With a tweet, James K. Filan, one of the defence attorneys for Ripple Labs in the two-year-long lawsuit against the SEC, which has Ripple on trial for allegedly selling securities without authorization, is demanding a verdict on the lawsuit.
The lawsuit between Ripple and SEC continues
The attorney cited a motion filed with New York District Judge Anna Torres seeking summary judgement in the matter.
— James K. Filan 🇺🇸🇮🇪 113k (beware of imposters) (@FilanLaw) September 12, 2022
Ripple‘s CEO, Brad Garlinghouse, also commented on Twitter that the SEC seems uninterested in compliance with the law, blinded by its desire to prevail and punish Ripple and the entire cryptocurrency world
Today’s filings make it clear the SEC isn’t interested in applying the law. They want to remake it all in an impermissible effort to expand their jurisdiction far beyond the authority granted to them by Congress. https://t.co/ooPPle3QjI
— Brad Garlinghouse (@bgarlinghouse) September 17, 2022
Ripple‘s CEO expresses his displeasure at what now appears to be a persecutory attitude on the part of the SEC toward his company. According to rumors, the US Securities and Exchange regulator has in turn filed a motion seeking Ripple‘s conviction on charges that it sold securities without having any authorization.

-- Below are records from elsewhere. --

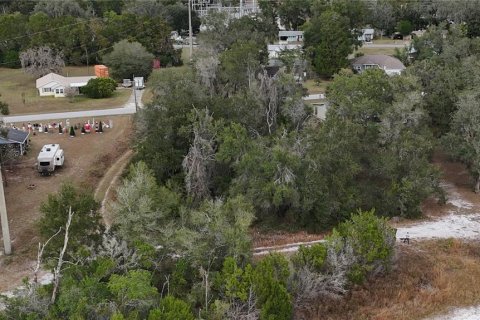 Land in Floral City, Florida № 2160005 - photo 15
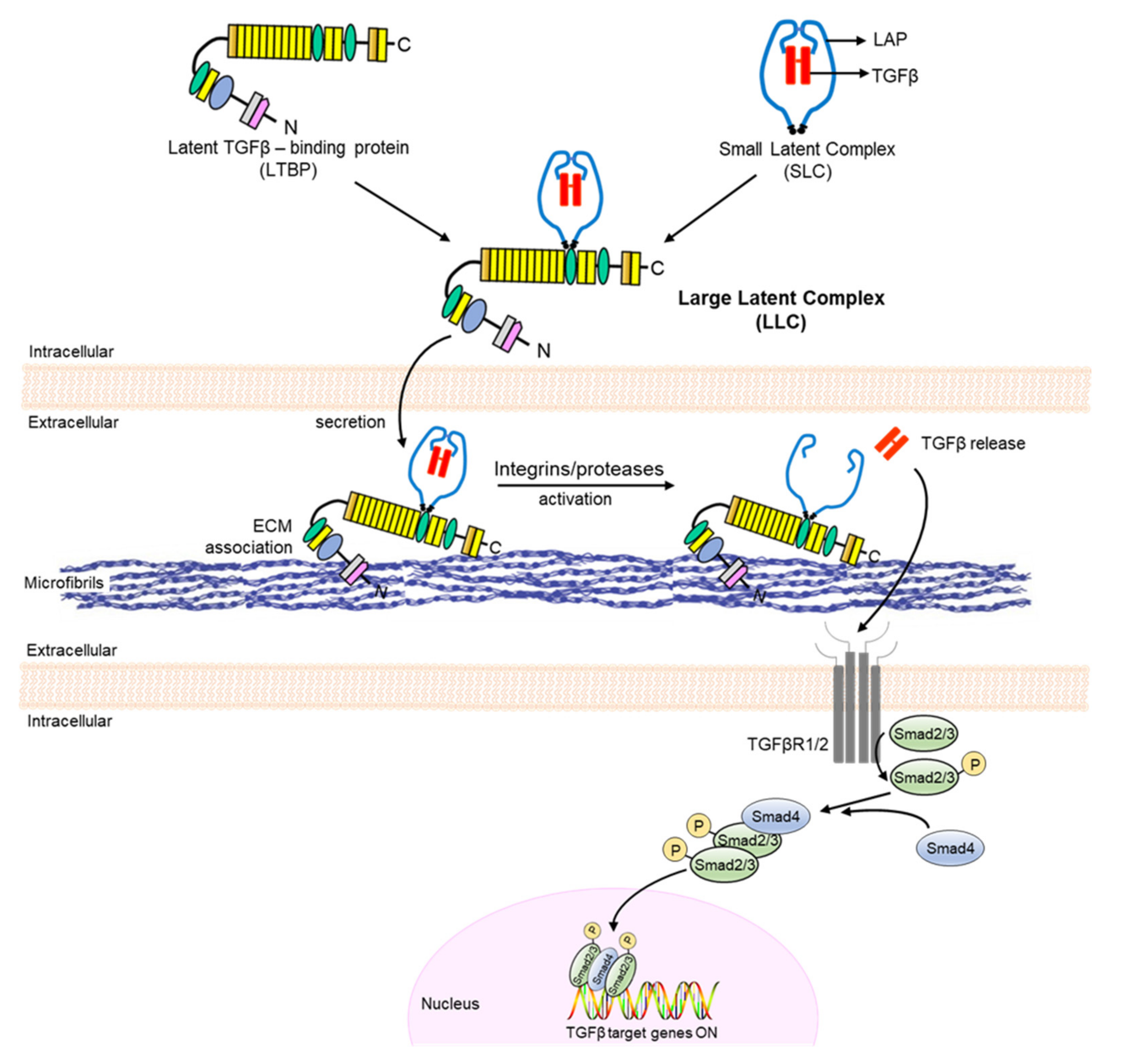 Biomolecules 12 00128 g002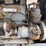 wallis-20-30-tractor-image-19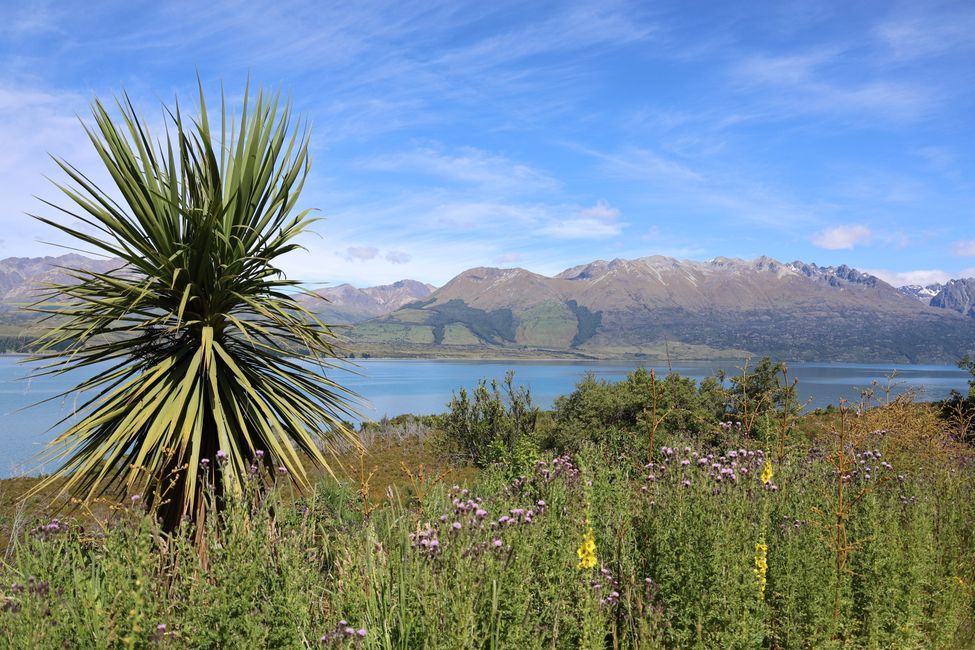 Auf nach Paradise zu "Herr der Ringe"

A few days ago the SEC had already filed a motion to cover up the identity of the witnesses it had brought before the judge for fear that they might face retaliation. In the lawsuit, the SEC led by Gary Gensler had called to testify companies such as Binance, which in turn had to undergo an investigation to its detriment also by the same SEC. For some time now, Chairman Gensler seems to have begun a sort of personal crusade against the world of cryptocurrencies, which he considers dangerous for investors because they also have no clear regulations, despite the fact that many of them are to be considered, in his opinion, as securities in their own right.
How the lawsuit against Ripple Labs originated
The SEC sued Ripple Labs, CEO Brad Garlinghouse and its president Chris Larsen in December 2020 on charges that they raised more than $1.3 billion by selling the XRP token in unregistered securities transactions. Ripple argued that the sales and trading of XRP did not meet the principles of the Howey Test (a particular 75-year-old US Supreme Court case that determines whether or not an asset can be considered security or not), and therefore were not to be considered securities and would not have broken any rules.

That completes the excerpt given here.